# 7.5. Searching Algorithms¶

Computers store vast amounts of data. One of the strengths of computers is their ability to find things quickly. This ability is called searching. For the AP CS A exam you will need to know both linear (sequential) search and binary search algorithms.

The following video is also on YouTube at https://youtu.be/DHLCXXX1OtE. It introduces the concept of searching including sequential search and binary search.

Video: (DHLCXXX1OtE)

• Sequential or Linear search typically starts at the first element in an array or ArrayList and looks through all the items one by one until it either finds the desired value and then it returns the index it found the value at or if it searches the entire array or list without finding the value it returns -1.

• Binary search can only be used on data that has been sorted or stored in order. It checks the middle of the data to see if that middle value is less than, equal, or greater than the desired value and then based on the results of that it narrows the search. It cuts the search space in half each time.

If binary search requires the values in an array or list to be sorted, how can you do that? There are many sorting algorithms which are covered in the next lesson.

## 7.5.3. Runtimes¶

How do we choose between two algorithms that solve the same problem? They usually have different characteristics and runtimes which measures how fast they run.

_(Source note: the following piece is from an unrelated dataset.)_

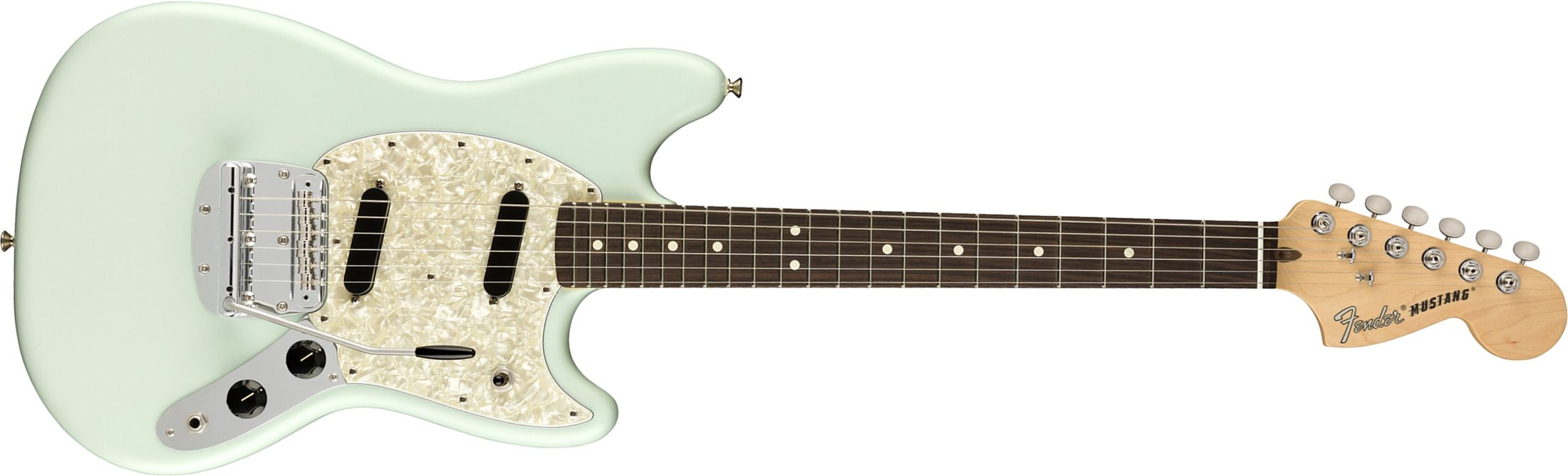 Fender Mustang American Performer Usa Ss Rw - Satin Sonic Blue - Guitarra eléctrica de doble corte. - Main picture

For the searching problem, it depends on your data.

Binary search is much faster than linear search, especially on large data sets, but it can only be used on sorted data. Often with runtimes, computer scientist think about the worst case behavior. With searching, the worst case is usually if you cannot find the item. With linear search, you would have to go through the whole array before realizing that it is not there, but binary search is much faster even in this case because it eliminates half the data set in each step. We can measure an informal runtime by just counting the number of steps.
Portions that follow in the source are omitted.